僅かに顔を上げたイオスは、涙の跡があり、目が赤い。余程泣いたんだろう。フォスはますます嬉しくなった。


「もう隠す意味はないし教えてあげる。反乱軍に情報や武器、お金を提供したのは僕だよ。お馬鹿なセーラちゃんはイオスのせいだって思ったまま死んだのかな」


イオスの身体から、炎が上がる。なんとかイオスが炎を抑えようとする姿を、フォスは嬉しそうに眺めていた。
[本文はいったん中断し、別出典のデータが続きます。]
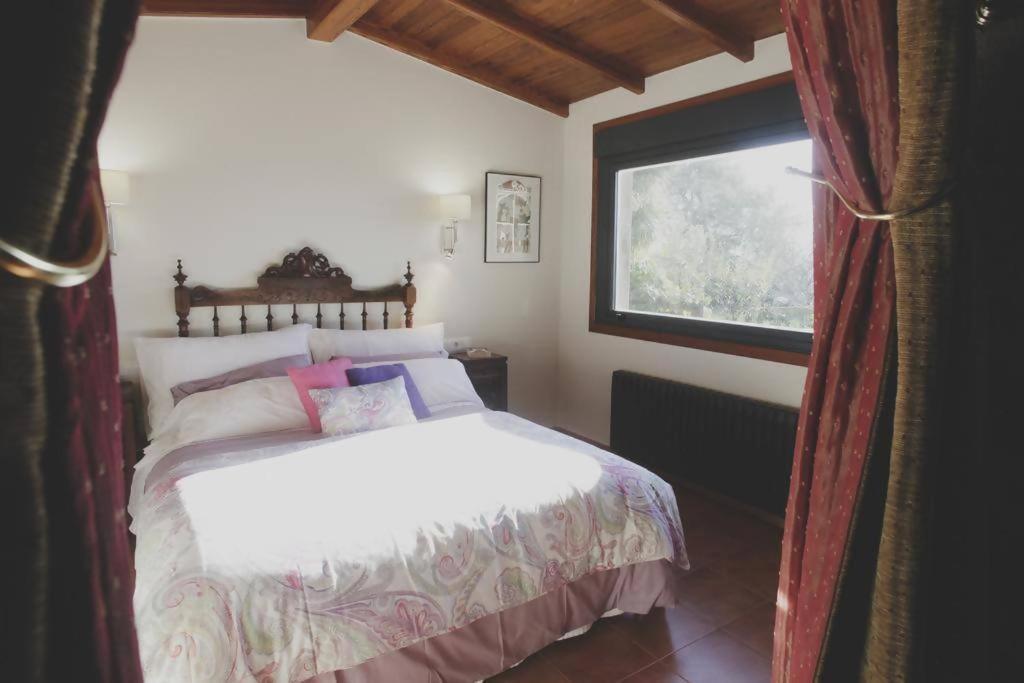 Casa De Afora Casa Con Piscina Y Jacuzzi Privados Pensionat Santiago de Compostela Eksteriør billede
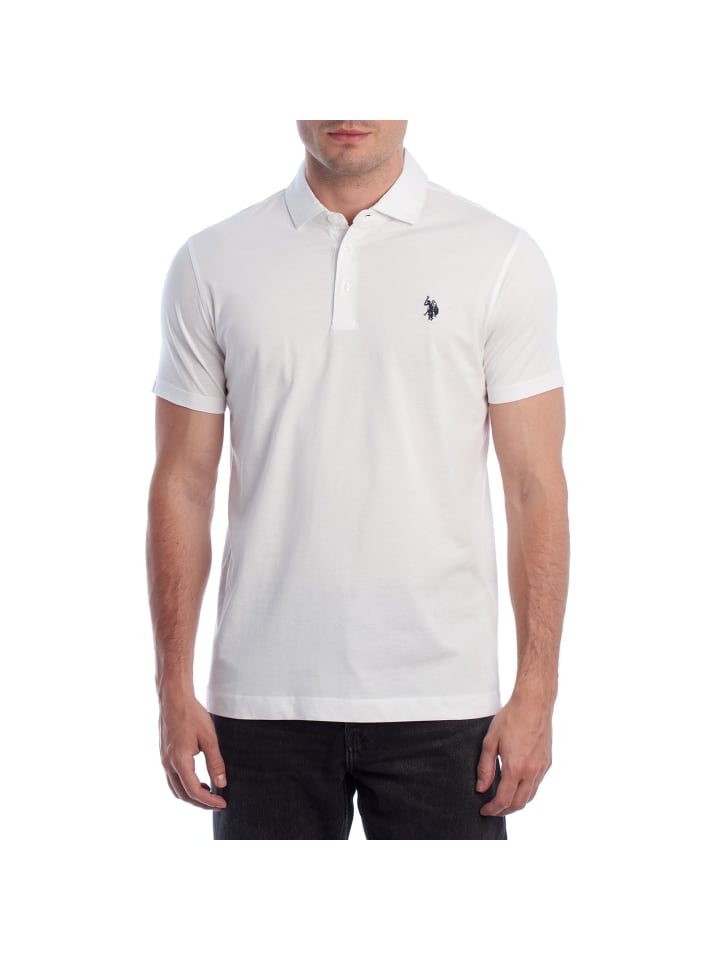 

Рубашка-поло U.S. Polo Assn., белый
「なんで、なんでそんな事したんだよ。セーラは兄貴に何もしてねぇだろ!」


「だからだよ。僕もセーラが好きだったんだよ? だけどセーラはイオスしか見てなかった。もう顔も見たくないから、国内を荒らしてセーラを後宮に閉じ込めようとしたのに、イオスが助けちゃうんだもの。父上もイオスとセーラが想いあってるからってあっさり婚約を認めようとするしさ。時間を稼ぐ為にイオスに仕事を回すように進言して、急いで反乱軍に攻めるよう指示して、武器やお金を回して、父上が援軍を出すって言うから軍の編成してる間に、僕が先行して様子を見に行くって言って全部壊したんだ。色々おかしいと思ってたでしよ? イオスの手紙を止めたのも僕だよ。中身は読まなかったけど、愛の言葉でも書いてあったのかなぁ?」


「クソ兄貴」


「ふふっ、抜け殻になってるイオスは最高だったよ。セーラを探す為に継承権を放棄しようとしてたのも狙い通り。なのに父上は認めないなんてあんな大勢の前で宣言しちゃうから……もうイオスを殺すしかないよね。セーラが望めばあっさり殺されてくれると思ってたのになぁ。セーラだと分かれば、イオスは絶対手を出せないから、覆面なんて与えずに暗殺させれば良かったかなぁ」


「もう黙れよ」


「本当はセーラを僕の妻にしてイオスを絶望させようと思ってたんだけど、セーラは僕の言葉を信じてイオスを恨んでるくせに、イオスが好きみたいでね。ずーっとイオスの名前ばっかり呟いてたんだ。さすがの僕でも、他の男の名前しか呼ばない女性に興味はないからね。もう良いやと思って、イオスを殺すか、イオスに殺される駒になって貰う事にしたんだ。残念だよ。僕の愛を受け止めれば、セーラは幸せになれたのにね。ま、僕を信用はしてくれたみたいだから、殺さないでおいてあげたんだ。なのに、イオスがあっさり殺しちゃうんだもんなぁ。それ、セーラの髪の毛でしょ? あとは全部消し炭にしちゃったんだって? あーあ、可哀想なセーラちゃん」


「黙れって言ってんだろ! これ以上セーラを侮辱すんな!」


「ふふっ、どれだけ泣いてもセーラはもういない。もうイオスの大事なものはないよね。生きてるのも辛いでしょ。僕が殺してあげるよ?」


「兄貴に殺されるのだけはごめんだ」


「そう、ここでやり合ってたらすぐ騒ぎになるからね。今日は退散するよ。だけど……皇帝になるのは僕だ」


「そんなに皇帝になるのが大事かよ」


「ああ、皇帝になれば僕を最優先しない人はみんな処刑するんだ。母上と父上、イオスとセーラ。愛しあってるのは良いけど、みんな僕をいちばんに見てくれないんだもの。イオス、安心してね。僕が皇帝になったらすぐにセーラの元に送ってあげる」


そう言ってフォスは、歪んだ笑みを浮かべてイオスの部屋を出て行った。


「上等だ。だったら兄貴が皇帝になるのだけは阻止してやるよ」


イオスは急いで鍵をかけて、部屋に誰も入らないように炎の幕を作成してから、セーラの元に向かった。